- DATA BLOCK:
^^^^

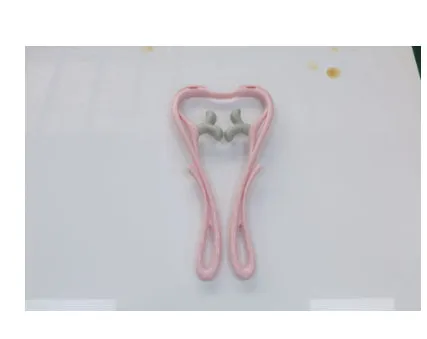 Blue manual swan-shaped neck massager with six rolling wheels and a natural crystal jade scraping board on a white background.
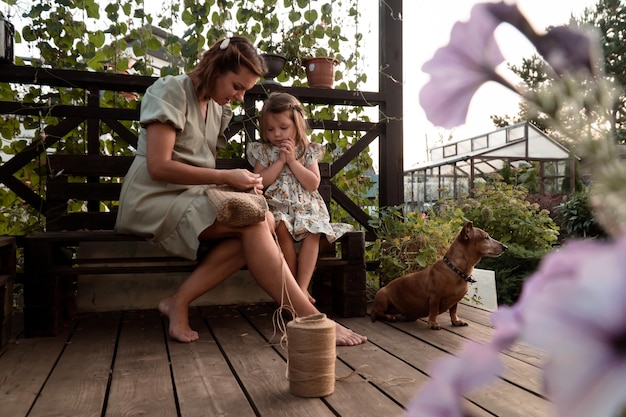 mother with daughter crochet eco bag from jute yarn outdoors on wooden terrace of country house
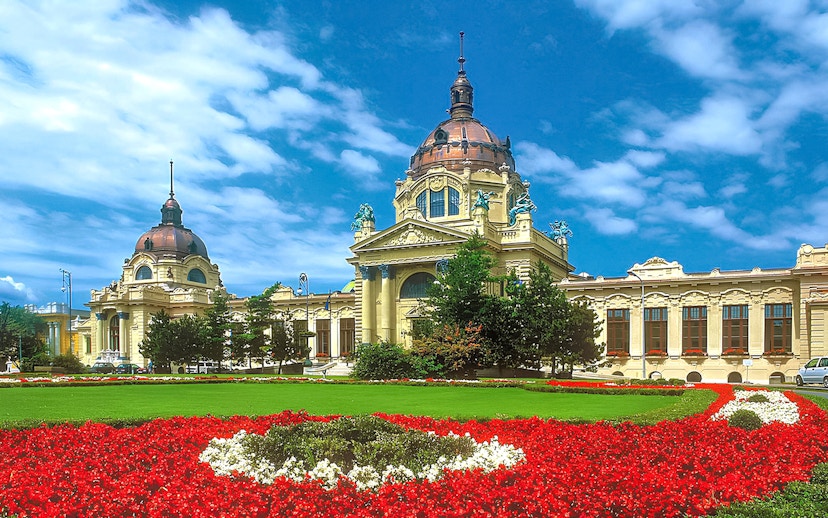 Szechenyi Bath exterior with domes and gardens in Budapest, Hungary.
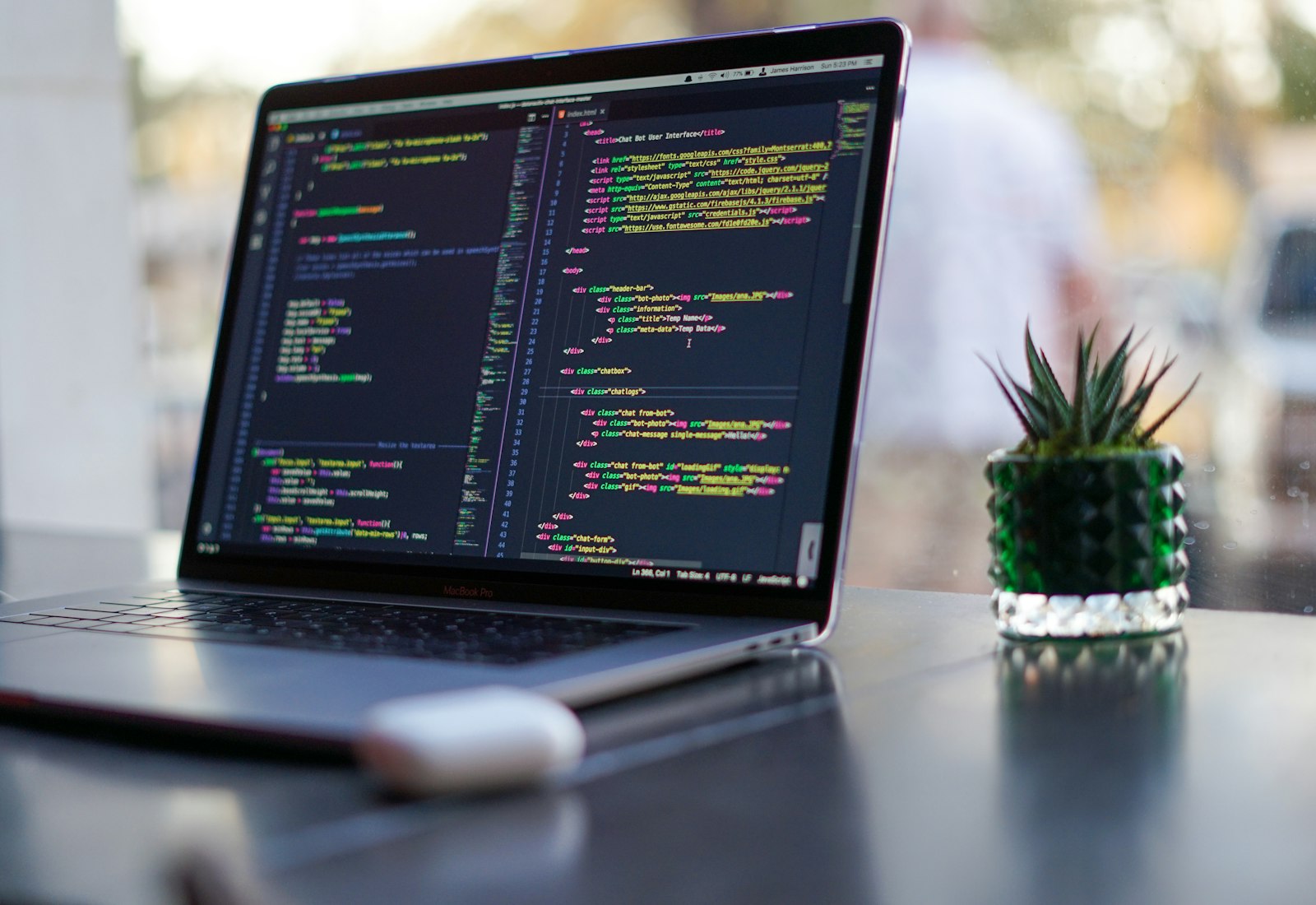 Salesforce Data Mask mit Beyond Digital: Aufgeklappter Laptop mit Programmcode auf einem Schreibtisch neben einer Pflanze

^^^^

Would you reproduce the lines from the one with "Szechenyi Bath exterior" through the final line of the data above, exactly and only those, without any pictures?

 Szechenyi Bath exterior with domes and gardens in Budapest, Hungary.
 Salesforce Data Mask mit Beyond Digital: Aufgeklappter Laptop mit Programmcode auf einem Schreibtisch neben einer Pflanze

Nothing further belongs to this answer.